I’d love to pair this with shellfish – this would be especially great with sautéed shrimp or prawns – but I’d also enjoy it with vegetable risotto or even a chilled chicken salad.
Bottom line – you don’t have to think about a wine such as this. It’s made for food and it’s delicious, so just drink it!
Best of all, it has a suggested retail price of $13. That’s $13! Please let me know if you can find any other Italian white – or white wine from anywhere at $13 that’s this good (and from as famous a producer). You can’t afford to miss this wine!
P.S. The artwork on the label is by Bibi Graetz himself.
Una Sopresa Magnifica
I was told by a friend in Italy that the phrase “unexpected brilliance” really doesn’t translate very well, so I’d be better off using the words una sopresa magnifica – “a magnificent surprise” to describe a marvelous Alto Adige red wine I recently tasted.
The wine – the 2009 Campill – is from a small producer Weingut Pranzegg, located in Bolzano in northern Alto Adige. The grower and winemaker of this wine is young Martin Gojer, an artisan producer who also makes an excellent Lagrein and Lagrein rosato along with a lovely blended white from local vineyards. The Campill, named for the site where the winery is located, is 95% Schiava, with the remaining 5% a mix of Lagrein and Barbera.

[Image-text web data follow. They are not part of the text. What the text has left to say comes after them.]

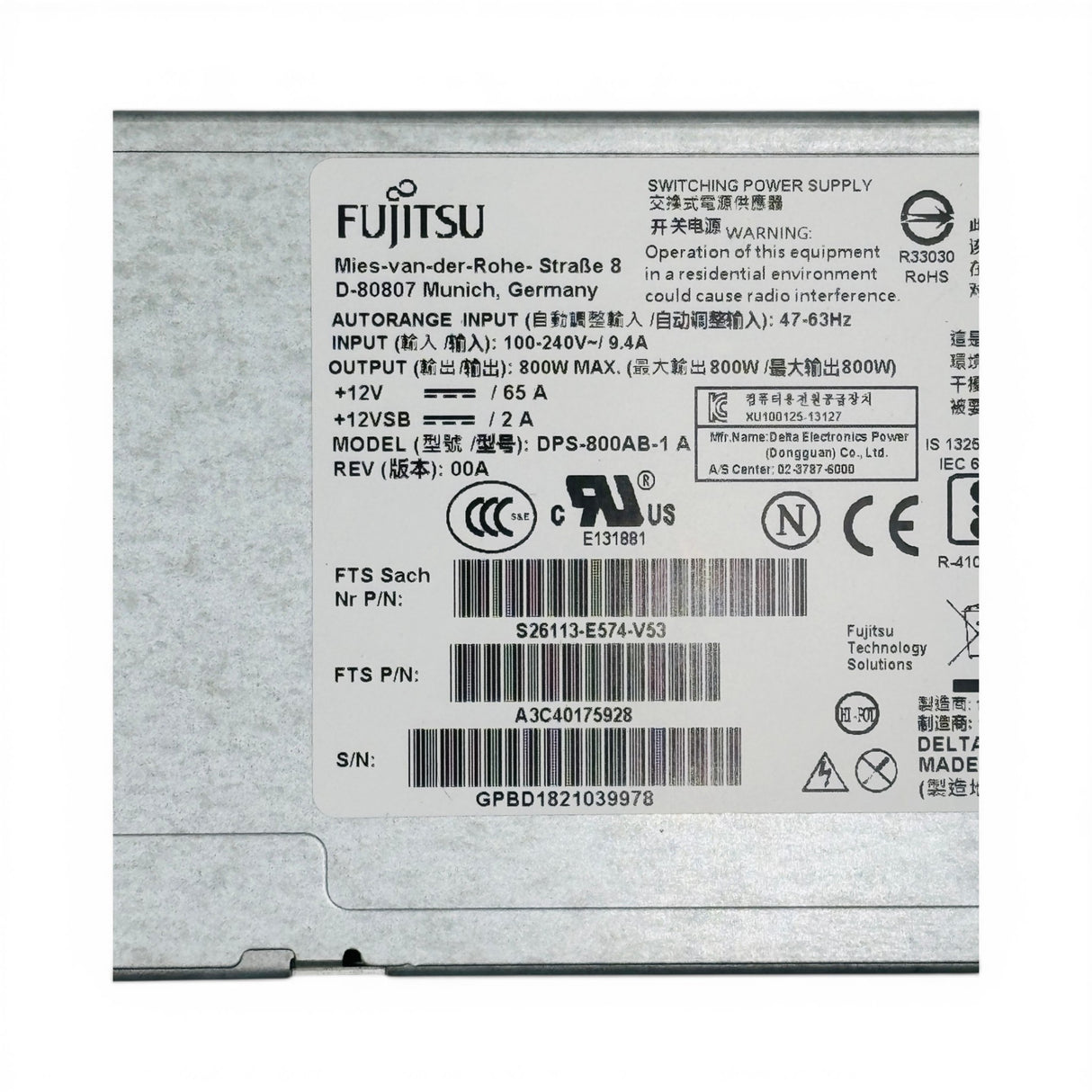 Fujitsu 800W Hot-Swap 80 Plus Platinum P/N: S26113-E574-V53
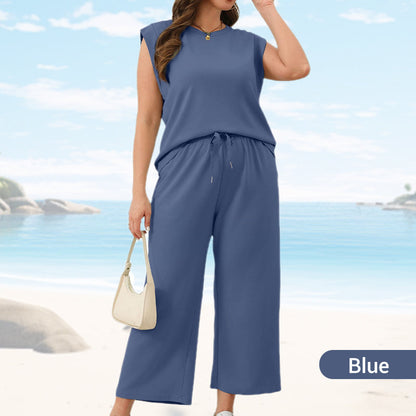 💜  Women's Casual Sleeveless Top & Wide-Leg Pants Set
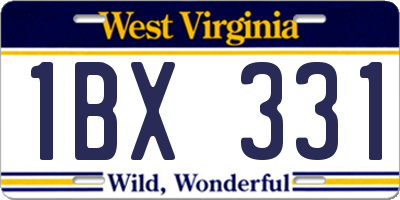 WV license plate 1BX331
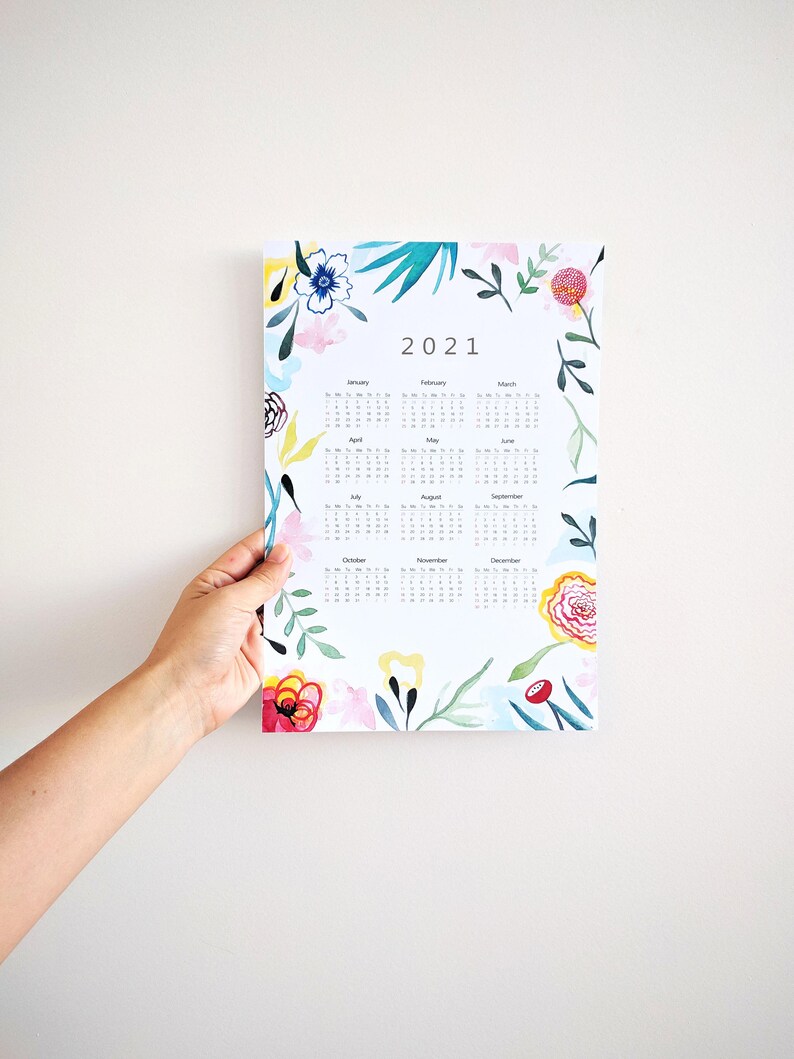 2021 Calendar 2021 Wall Calendar Calendar 2021 Floral Etsy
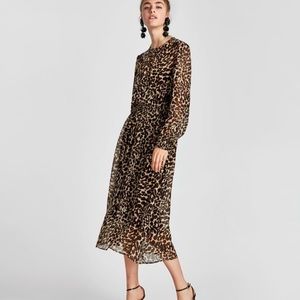 Zara Cheetah Slip Dress - Size XS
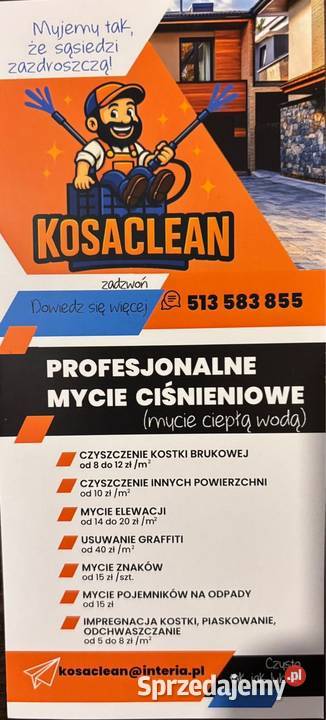 Mycie wysokociśnieniowe różnych powierzchni Chełmża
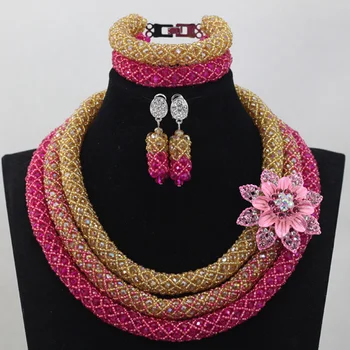 

Amazing Fushia Pink Gold Indian Bridal Costume Jewelry Set Hot Pink Nigerian Wedding Beads Set African Free Shipping WD590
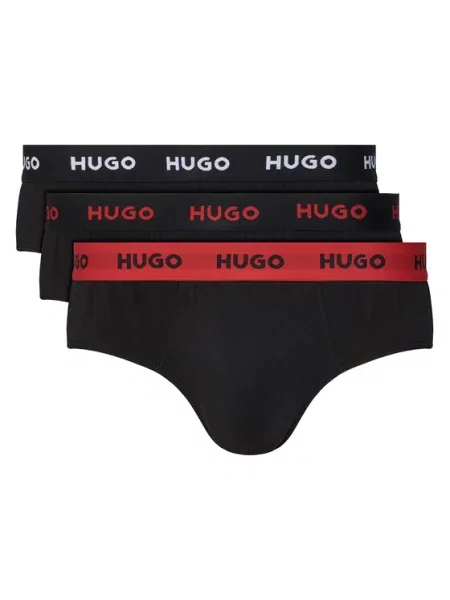 HUGO Komplet spodnjih hlač slip﻿ Hipbrief Triple črna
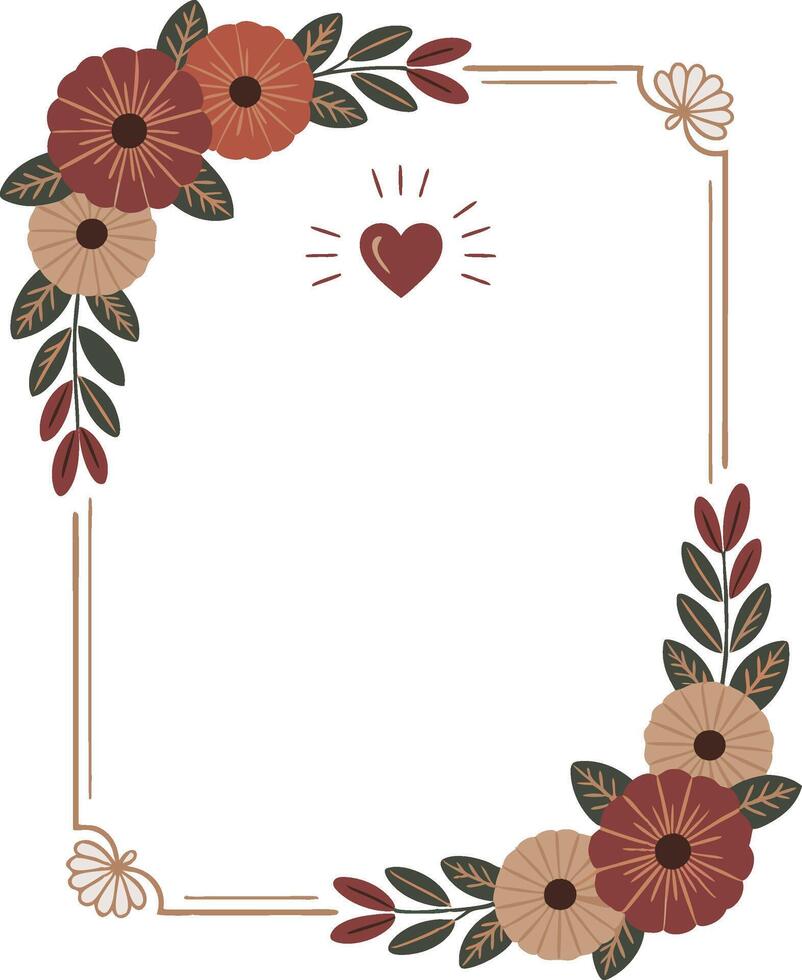 Floral frame with heart vector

The very fact that I am strongly recommending a Schiava will probably come as surprise to most readers. I would imagine that many have never even heard of this variety (it is also known as Vernatsch), while those familiar with it know it as one that yields a very light red, one with high acidity and very light tannins. It’s the type of red that normally must be comsumed within a year or two and it is often served slightly chilled as it can be quite refreshing that way.
Now while I do enjoy the typical style of Schiava, I have discovered a few examples that represent more than just a pleasant offering. This is a remarkable wine and the main factor for that – as with most first-rate wines – can be found in the vineyard, as Gojer is working with vines that have an average age of 45 years; a few of the vines are 30 years of age, but several are 80 years old! Clearly these old vines limit yield and deliver a wine of great complexity and structure.
My notes list the “sensual” aromas of carnation, red roses and strawberry; medium-full with excellent depth of fruit, there are silky tannins, very good acidity and a lengthy finish with notes of Asian spice and nutmeg. This has excellent balance, lovely finesse and amazing complexity! It is drinking beautifully now and should be in fine shape for another four or five years. I’d love to try this with a pork dish, especially in a Thai or Oriental cuisine, although roast pork or roast chicken with mushrooms would also be an ideal partner.
Currently, the wines of Weingut Pranzegg are not available in America, so here’s hoping some smart importer brings these products in soon. For now, you’ll have to head to Alto Adige and pay 13.90 Euro a bottle, which may be one of the wisest decisions you’ll ever make for a bottle of wine!
Bravo, Martin for making such an extraordinary wine from a variety most commonly associated with ordinary wines!